→ PROVIDED ENTRIES
━━━━━━

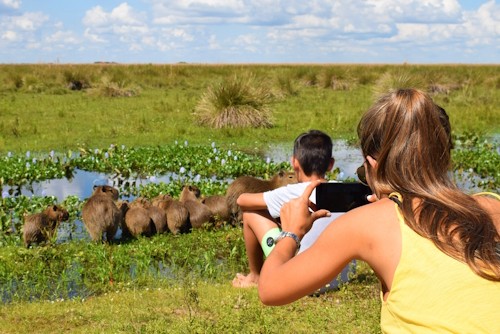 Up close and personal with the wildlife in the Esteros de Ibera wetlands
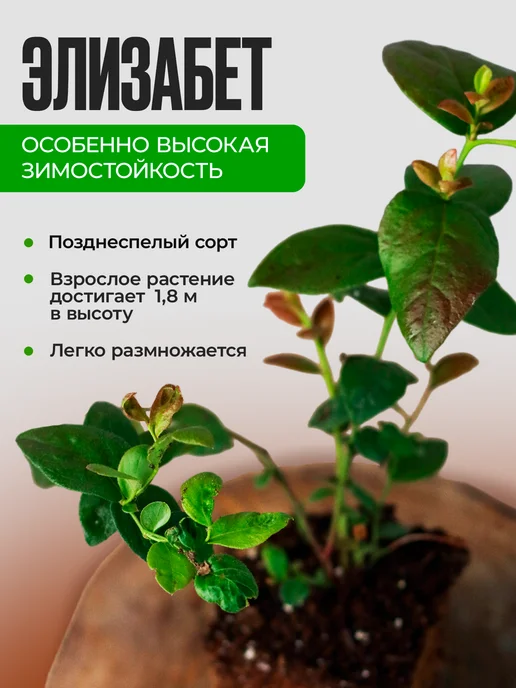 Поспелла Саженцы голубики Элизабет 1 год 1 шт Р9, 1 шт, фото 2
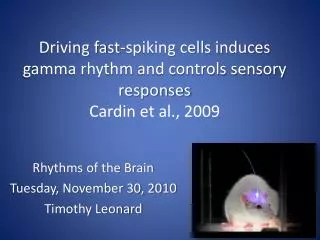 Rhythms of the Brain Tuesday, November 30, 2010 Timothy Leonard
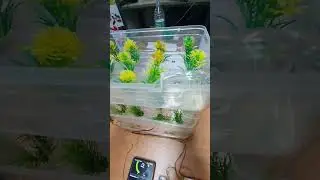 iot hydroponics school project 
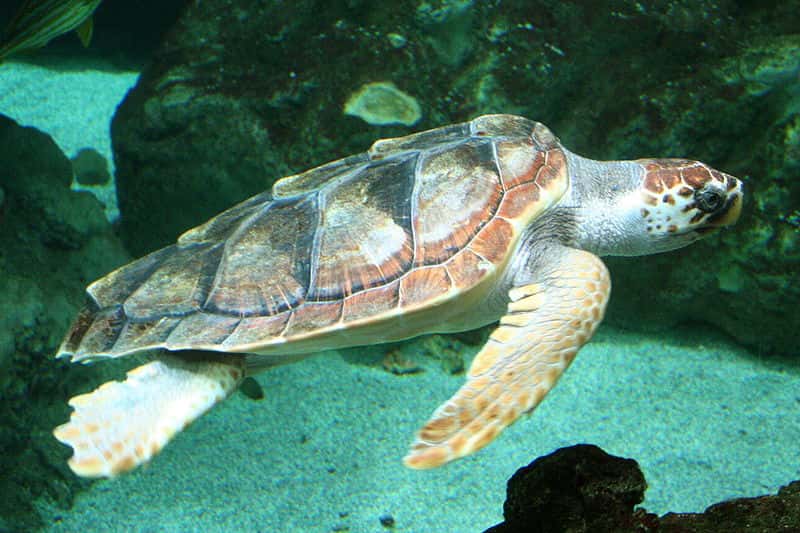 La tortue caouanne <em>Caretta caretta</em> se nourrit de crustacés et de mollusques. Elle pèse en moyenne 105 kg pour une longueur totale de 1,10 m. © Strobilomyces, <em>Wikimedia common</em>, CC by-sa 3.0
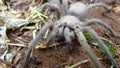 Tarantula. Spider tarantula. Close up female of spider tarantula in the wild nature. Largest spider: giant huntsman spider. Arthro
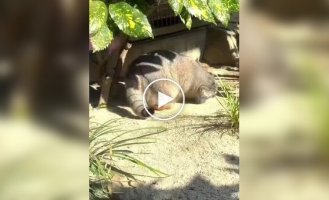 Манулы обожают валяться в песке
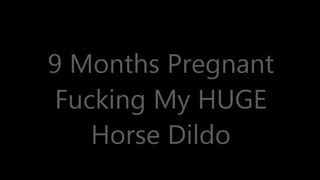 Jeri Lynn Busty young lady erotically posing in a dress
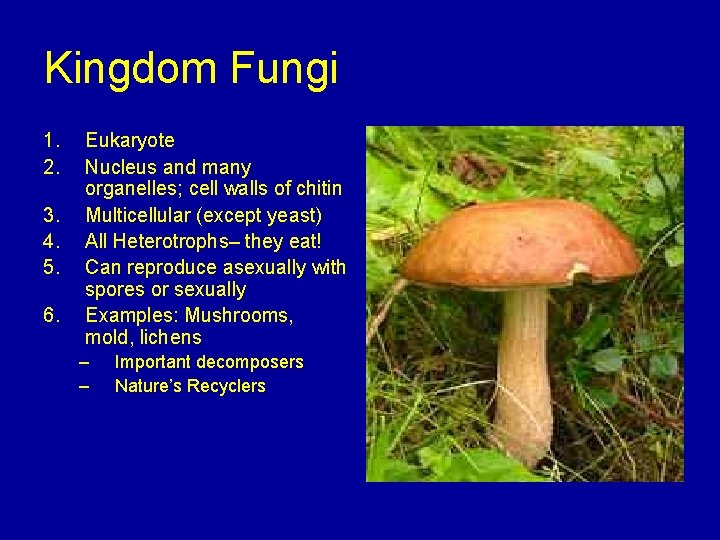 Kingdom Fungi 1. 2. 3. 4. 5. 6. Eukaryote Nucleus and many organelles; cell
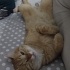 Minnoş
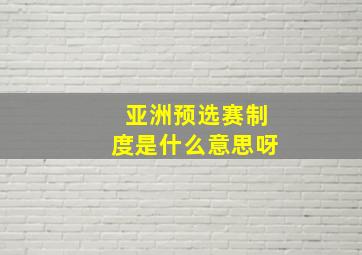 亚洲预选赛制度是什么意思呀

━━━━━━

→ WHAT TO WORK ON
Look above for the line containing "Манулы обожают валяться в песке", then retype it and each line after it to the end of the records, exactly and without pictures.

→ SOLUTION FOR THIS EXERCISE
 Манулы обожают валяться в песке
 Jeri Lynn Busty young lady erotically posing in a dress
 Kingdom Fungi 1. 2. 3. 4. 5. 6. Eukaryote Nucleus and many organelles; cell
 Minnoş
 亚洲预选赛制度是什么意思呀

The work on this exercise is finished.